O texto da reforma tributária aprovada pela Comissão de Constituição e Justiça (CCJ) da Câmara sofrerá muitas alterações. Passado o recado ao presidente Jair Bolsonaro — de que o Congresso não vai esperar o governo para tomar a iniciativa em pautas consideradas prioritárias, com a orientação quase unânime dos partidos a favor da admissibilidade —, lideranças se articulam para construir um substitutivo ao relatório base da Proposta de Emenda à Constituição (PEC) 45/2019.

A ideia é semelhante ao que deputados cogitam fazer na Comissão Especial da reforma da Previdência: fazer modificações a ponto de apresentar praticamente um texto novo. A articulação feita na CCJ pelo presidente da Câmara, Rodrigo Maia (DEM-RJ), foi bem-sucedida para a apreciação da admissibilidade. Passado o quase consenso no colegiado, lideranças estão brigando para propor modificações. Afinal, a avaliação de deputados é de que o texto-base aprovado não traz impacto na redução do valor da carga tributária com a desoneração do consumo e da folha de pagamento.

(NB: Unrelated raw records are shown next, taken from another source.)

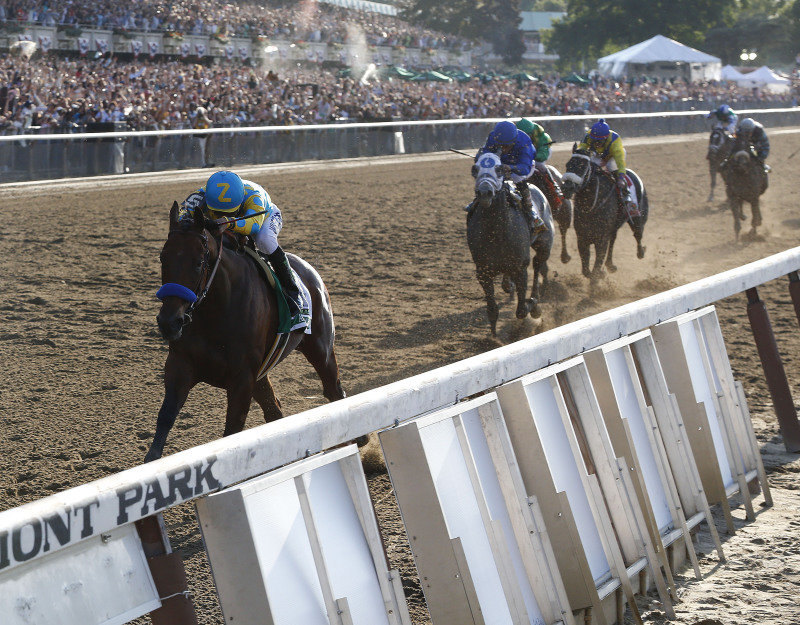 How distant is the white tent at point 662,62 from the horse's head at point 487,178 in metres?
41.2

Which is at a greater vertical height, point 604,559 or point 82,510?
point 82,510

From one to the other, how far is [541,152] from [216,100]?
1174 centimetres

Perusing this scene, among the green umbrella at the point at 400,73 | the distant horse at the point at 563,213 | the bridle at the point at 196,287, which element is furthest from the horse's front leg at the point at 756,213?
the green umbrella at the point at 400,73

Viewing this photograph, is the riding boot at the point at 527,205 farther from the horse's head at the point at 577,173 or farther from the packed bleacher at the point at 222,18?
the packed bleacher at the point at 222,18

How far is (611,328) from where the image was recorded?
379 cm

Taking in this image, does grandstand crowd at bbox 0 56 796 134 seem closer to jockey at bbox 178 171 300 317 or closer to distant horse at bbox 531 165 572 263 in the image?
distant horse at bbox 531 165 572 263

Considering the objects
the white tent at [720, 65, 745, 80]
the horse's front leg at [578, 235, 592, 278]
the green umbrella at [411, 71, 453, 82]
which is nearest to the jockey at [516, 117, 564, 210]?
the horse's front leg at [578, 235, 592, 278]

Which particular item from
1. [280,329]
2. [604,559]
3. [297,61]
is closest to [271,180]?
[280,329]

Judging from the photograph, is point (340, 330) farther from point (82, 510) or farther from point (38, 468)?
point (82, 510)

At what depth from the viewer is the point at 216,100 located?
2061 centimetres

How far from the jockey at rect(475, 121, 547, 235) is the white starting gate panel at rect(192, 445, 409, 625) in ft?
21.7

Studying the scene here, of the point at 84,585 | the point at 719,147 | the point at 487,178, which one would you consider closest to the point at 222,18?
the point at 719,147

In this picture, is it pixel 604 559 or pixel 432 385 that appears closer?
pixel 432 385

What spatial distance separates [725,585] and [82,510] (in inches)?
101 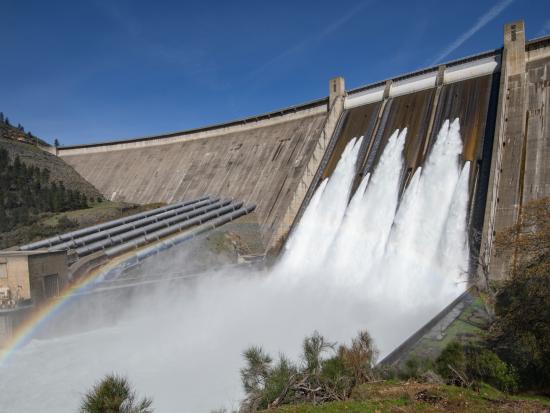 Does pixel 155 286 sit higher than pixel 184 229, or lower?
lower

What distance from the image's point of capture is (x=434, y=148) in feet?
64.2

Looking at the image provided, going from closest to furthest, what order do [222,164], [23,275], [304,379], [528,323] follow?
[304,379] → [528,323] → [23,275] → [222,164]

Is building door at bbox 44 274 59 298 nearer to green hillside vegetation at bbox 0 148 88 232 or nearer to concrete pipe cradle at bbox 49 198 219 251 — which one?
concrete pipe cradle at bbox 49 198 219 251

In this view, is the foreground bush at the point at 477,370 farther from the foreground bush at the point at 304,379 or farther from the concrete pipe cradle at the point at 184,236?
the concrete pipe cradle at the point at 184,236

A cobrança por mudanças é quase unânime entre parlamentares dos mais diversos partidos que compõem a Frente Parlamentar Mista da Reforma Tributária e não se limita a partidos de centro. A oposição, por exemplo, apoia. Dentro da bancada mista, o PT conta com o maior número de representantes: 23. Em seguida, vem o PSL, com 20; PP, com 17; DEM, com 16; e PRB, com 14. As bases dessas siglas comunicaram seus líderes que trabalham para construir um texto que tenha apoio da maioria antes da criação da Comissão Especial.

O encaminhamento de um substitutivo ao parecer do deputado João Roma (PRB-BA), aprovado na CCJ, é visto como a hipótese mais provável. As análises ainda são incipientes, mas lideranças verificaram que há pouca margem para mexer no texto base, que tem a espinha dorsal baseada na substituição de cinco tributos (PIS, Cofins, IPI, ICMS e ISS) por um, o Imposto sobre Bens e Serviços (IBS). A proposta, no entanto, é avaliada como insuficiente para reaquecer a economia pelo consumo, com redução da carga tributária e fim da guerra fiscal.

Desoneração

Os partidos discutem atualizar a tabela do Imposto de Renda (IR) com isenção para quem recebe até cinco salários mínimos. Debate-se também a fixação de uma alíquota de imposto único sobre o consumo estimada em 20% para as demais faixas de renda. A desoneração sobre a folha viria com taxação sobre dividendos — o lucro líquido distribuído entre acionistas de empresas. A medida atingiria os mais ricos, mas reduziria o IR das empresas de 34% para 20%. As taxas estão sendo debatidas, mas a ideia é aumentar o poder de compra das famílias, desonerando o consumo, e dos investimentos, tributando menos as companhias, admite o presidente da Frente Parlamentar Mista da Reforma Tributária, Luís Miranda (DEM-DF). “Apenas a simplificação tributária não resolve o problema da geração de empregos”, advertiu.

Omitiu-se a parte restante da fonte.